The second part of the relationship between discourse and hegemony “is that discourse is itself a sphere of cultural hegemony”, and the hegemony of a group “is in part a matter of its capacity to shape discursive practices and orders of discourse” (Fairclough 1995, 95). Likewise, the hegemony of a group “is constituted by a more or less unstable equilibrium between its constitutive discursive practices, which may become unbalanced and open to being restructured in the course of hegemonic struggle” (Fairclough 1995, 95). Thus, hegemony is not definitive, but determined by the outcome of social and ideological struggles between opposed groups. While “dominant forces” will try to “preserve or restructure and renew their hegemony in the sphere of discourse”, dominated groups will try to contest that hegemony (Fairclough 1995, 95).

To understand democracy as an ideological discourse and its role in hegemony, one has to socio-politically and historically contextualize it. The end of the Cold War saw the triumph of the West, and with that the expansion of capitalism as a global economic model and of liberalism as ideology. With the defeat of the socialist camp, Bensaïd argues, “the floating signifier democracy became a synonym for the victorious West, the triumphant United States of America, the free market, and the level playing field” (Bensaïd 2011, 17–18). Bensaïd’s claim can at first instance seem exaggerated but by contextualizing democracy within the framework of liberal ideology, the statement appears to be more reasonable.

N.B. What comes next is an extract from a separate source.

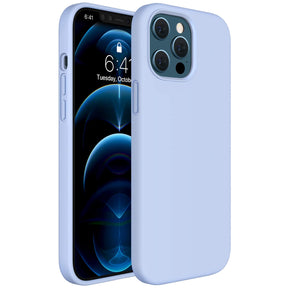 Fashion Series│Silicone Case for iPhone 12 Pro Max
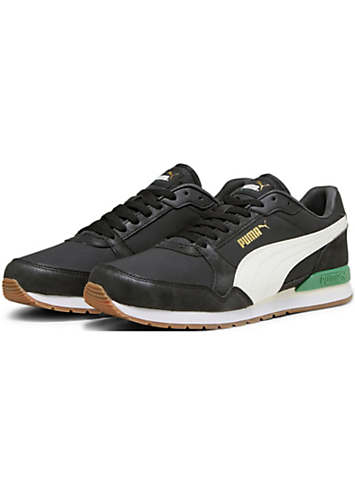 Puma ST Runner 75 Years Trainers | Freemans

The post-Cold War era, or the era of globalization as some label it, is not only characterized by free-market capitalism or neoliberalism, but as Cannon (2009, 205) notes, by the interrelationship of that economic structure and liberal democracy as a political structure. As “really existing democracy” (Cannon 2009, 24), liberal democracy arguably reduces the people’s rule to the structures and practices of that liberal form of governance. Perceived democratic fundamentals then include the state’s separation from civil society, the state’s formation as an impersonal legislative power structure, the protection of individual liberties (as freedom of speech and expression) and the existence of party pluralism (Held 2006, 268). However, as Held argues, “liberalism’s thrust to make a democratic state […] is compromised by the reality of the ‘free-market’”, and a central weakness “is to see markets as ‘powerless’ mechanisms of coordination, and thus to neglect […] the distorting nature of economic power in relation to democracy” (Held 2006, 269). Furthermore, this form of democracy “leaves untouched vast areas of our daily lives—in the workplace, the distribution of labour and resources—that are not subject to democratic accountability” (Roper 2013, 238). As Macpherson notes, the word liberalin liberal democracy “has consciously or unconsciously been assumed to mean ‘capitalist’” (Macphersen 1977, 2), and the democratic model itself has “been designed to fit a scheme of democratic government onto a class-divided society” (Macphersen 1977, 9). Moreover, Macpherson points out that liberal democracy as practiced in the twentieth century, and as theorized by Schumpeter, is highly elitist because it “assigns the main role in the political process to self-chosen groups of leaders” (Macphersen 1977, 77). According to such a model, democracy becomes a mechanism for choosing governments, and the voter’s role is to choose between elites in the form of politicians or parties that will carry out decisions. This model stands in contrast to one that lets the people decide political issues first and then elect appropriate representatives (Macpherson 1977, 78). Thus, democracy becomes “simply a market mechanism: the voters are the consumers; the politicians are the entrepreneurs” (Macphersen 1977, 79).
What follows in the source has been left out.